Opera singer's voice is 'gift from God'

Posted

Never stopped singing

I've been singing since I was a little girl. I started in church and never really stopped. I have a bachelor's in vocal performance and a master's from the New England Conservatory. I was on a performance track, but I decided I wanted a family and pulled back from performing.

I started a teaching studio, and I've been teaching voice and piano for 15 years. I do some singing on the side. I started a concert series at St. Philip Lutheran Church called Ken Caryl Concerts.

I've had a lot of great moments. When I was a Tanglewood fellow, I shared a stage with Yo Yo Ma. We did a Bach chorale.

Learning to relate

When I sing opera, I really try to relate to the characters. At the Littleton Symphony Orchestra's Valentine's Day performance, I sang “When I Am Laid In Earth” from Dido and Aeneas. I'm trusting that I know what's happening with the tune, and I'm wrapping my head around Dido's character.

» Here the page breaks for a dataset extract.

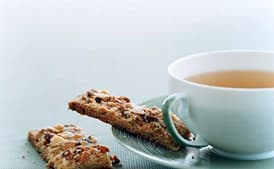 Mixed-Nut Shortbread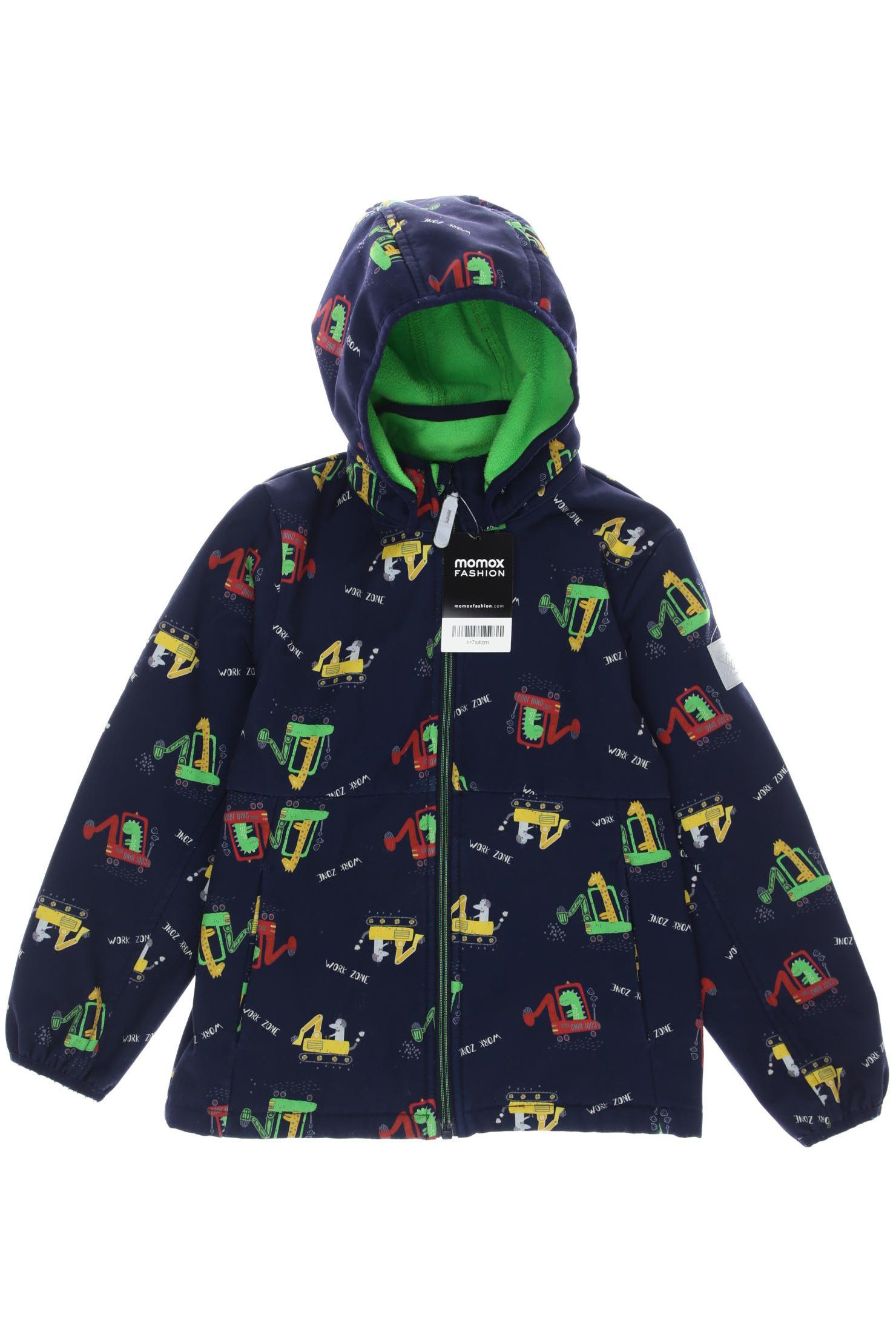 

name it Herren Jacke, marineblau, Gr. 122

She's a woman who swore she'd never marry again, then she found a great love, and then he leaves. She's getting ready to die. “Death invades me. Death is now a welcome guest.”

I've had experiences with friends and family where I know you can't take anything for granted. We've got to enjoy our experiences with each other, because we don't know when it's the last time we'll be together.

Gift from God

I draw from my faith a lot. I feel like my voice is a gift from God. In some ways classically trained singing is a dying art.

I'm 41, and actually a true classically trained voice is in its prime in your 40s. But the way pop culture is these days, I'm an old lady. In my apprenticeship days in my 20s, that's when you were expected to be rising to the next level. I'm learning as a teacher and an artist, I'm more ready now than I was then. Singing takes years of patience and dedication to truly train a voice as an instrument.

I tell young singers to listen to great singers as much as they can. Take any opportunity you have to sing with others, and have fun with it.

This is not where I expected to be in my schooling days. I thought I'd be singing more than I am now, but life led me in the right direction. If you stay true to your art, you'll reap the benefits.